Want a new lawn instantly? The quickest way to get one is to lay turf yourself. Here's how.
Step One: Get Digging
When laying turf, it’s important that it is put on a smooth, firm, flat soil surface with good drainage. You shouldn’t lay it in an area that is over-shaded by trees or buildings. Turf can be laid at almost any time of year providing the soil isn’t waterlogged or frozen – but you’ll get the best results if you lay it in spring or autumn.
Remove any existing grass by under-cutting it with a spade. For larger areas, it’s much quicker and easier to hire a turf stripper.
Dig over or rotovate the area to be turfed to a depth of about 15cm, removing all debris, large stones, weeds and old tree roots.
Step Two: Smooth The Ground
Rake over the ground to produce a smooth surface. Firm down the soil by lightly rolling with a roller (this can be hired) or by treading the area with your feet. Rake over again and repeat the process until the whole area is level, even and firm. A wide rake makes levelling easier. The ground should be firm but not compacted.

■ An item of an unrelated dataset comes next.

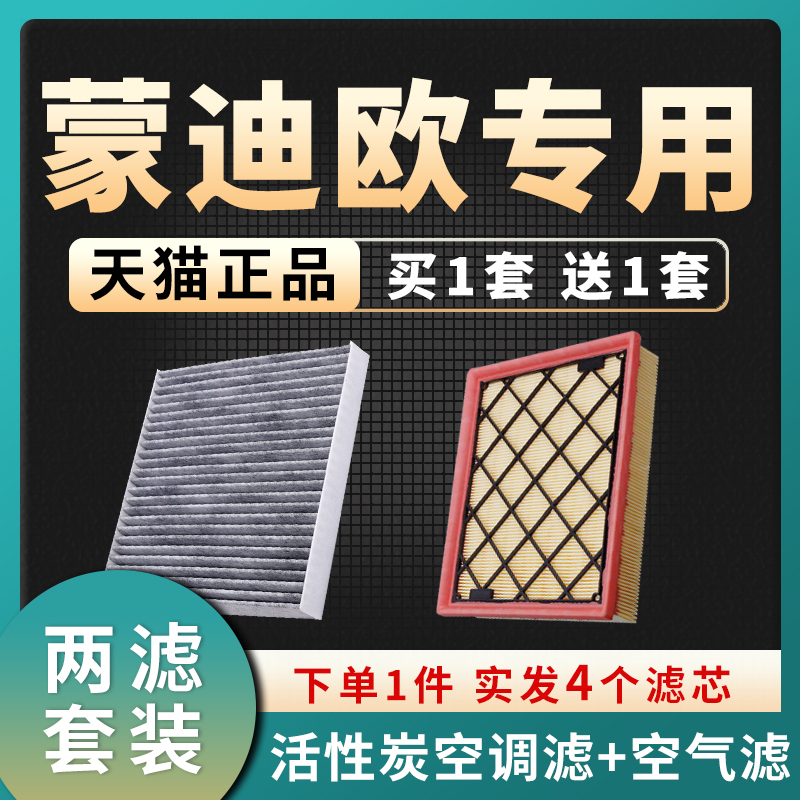 适配13-22款福特新蒙迪欧空调滤芯空气格17原厂升级18汽车空滤20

Step Three: Fertilise The Soil
Sprinkle granules of pre-turf fertiliser over the area at a rate of 70g per square metre and lightly rake it in. This will help the rooting process so that the turf becomes established more quickly.
Step Four: Lay The Turf
You can buy turf in strips that are just under one metre square. First of all, measure out the area you want to cover and multiply the length by the width to get the area in square metres. Add an extra 5% to allow for any waste. Don’t let your turf sit around – lay it within 24 hours of its delivery or collection. Check the weather forecast and delay laying it if wet or frosty weather is imminent.

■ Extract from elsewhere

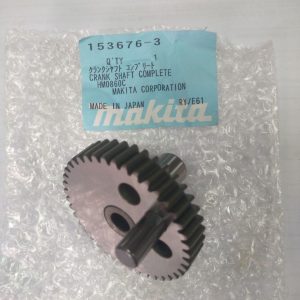 Купить коленчатый вал 153676-3 для отбойника Makita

Mark out the boundaries of the intended lawn area clearly using a builder’s line and sharpened wooden stakes or pegs. Use a club hammer to drive them into the ground. Lay turf along all the edges first with the longest sides of the turfs parallel to the boundary line – if there is a curved edge you will need to overlap pairs of turfs slightly and then trim off the excess. Cut turfs to size with a longbladed knife or a half-moon edging iron. When turfing up to hard edges, ensure the top of the soil is level with the edging before laying the turf. This leaves the surface of the lawn above the surface of the surrounding hard surface so that you can mow up to the edge.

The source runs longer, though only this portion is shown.